Thursday, 18 December 2014
Stephen Michael Yanicak1, Michael Dale2, Kim Granzow2, Patrick Longmire2 and George Perkins3, (1)New Mexico Environment Department, Albuquerque, NM, United States, (2)New Mexico Envionment Department, 1183 Diamond Drive, Suite B, Los Alamos, New Mexico 87544, NM, United States, (3)Los Alamos National Laboratory, Earth and Environmental Sciences Division, MS D469, Los Alamos, NM, United States
Abstract:
The groundwater system at Los Alamos, New Mexico encompasses a complex shallow mountain-block and mountain-front zone; intermediate-depth perched zones located east of the mountain front; and an extensive regional aquifer occupying the Rio Grande rift. In the study area, groundwater-flow paths in the regional aquifer are generally from the northwest to southeast that laterally extend 17 km before discharging to the Rio Grande.

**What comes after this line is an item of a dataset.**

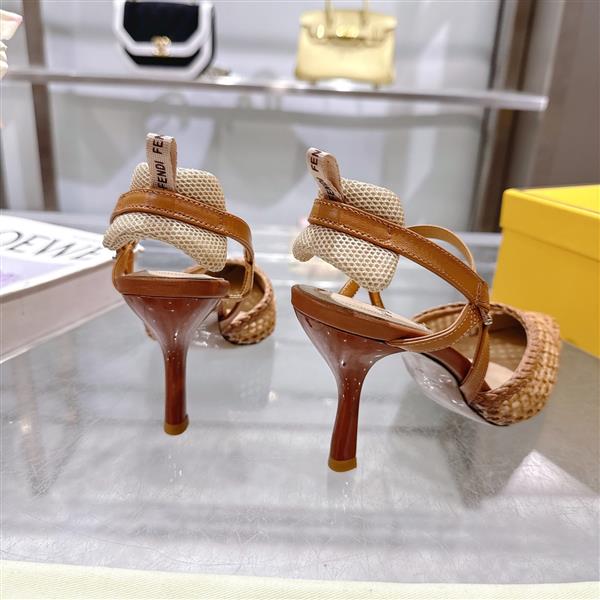 2025112818418886 260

This system is unconfined and variable mixing occurs at greater distances east of the primary recharge zones. Since 1943, the regional aquifer has been mined for industrial processes and residential use and consumption at Los Alamos. A large data set for groundwater-age and inorganic solutes has been assembled for the intermediate-depth perched zones and regional aquifer, which provides a potential archive record of paleoclimate-change occurring during the past 10,000 years. Groundwater ages range from modern groundwater to approximately 9,700 years before present. Unadjusted radiocarbon-age results for groundwater samples collected from 58 background-monitoring wells and 10 springs correlate well with natural chloride and perchlorate concentrations and δ18O values. Background concentrations of dissolved perchlorate and chloride increase with increasing groundwater age and residence time. Values of δ18O are slightly heavier in groundwater samples having increasing age, suggesting that warmer climatic conditions occurred 10,000 years before present. Perchlorate and δ18O datasets correlate the strongest with average groundwater age, showing Pearson correlations of 0.81 and 0.71, respectively. The Pearson correlations for chloride to age and perchlorate to chloride are 0.62 and 0.81, respectively. Overall, this dataset suggests that climatic cooling has gradually occurred in north-central New Mexico during the Holocene, and does corroborate previous Holocene climate-change studies conducted in the southwestern United States.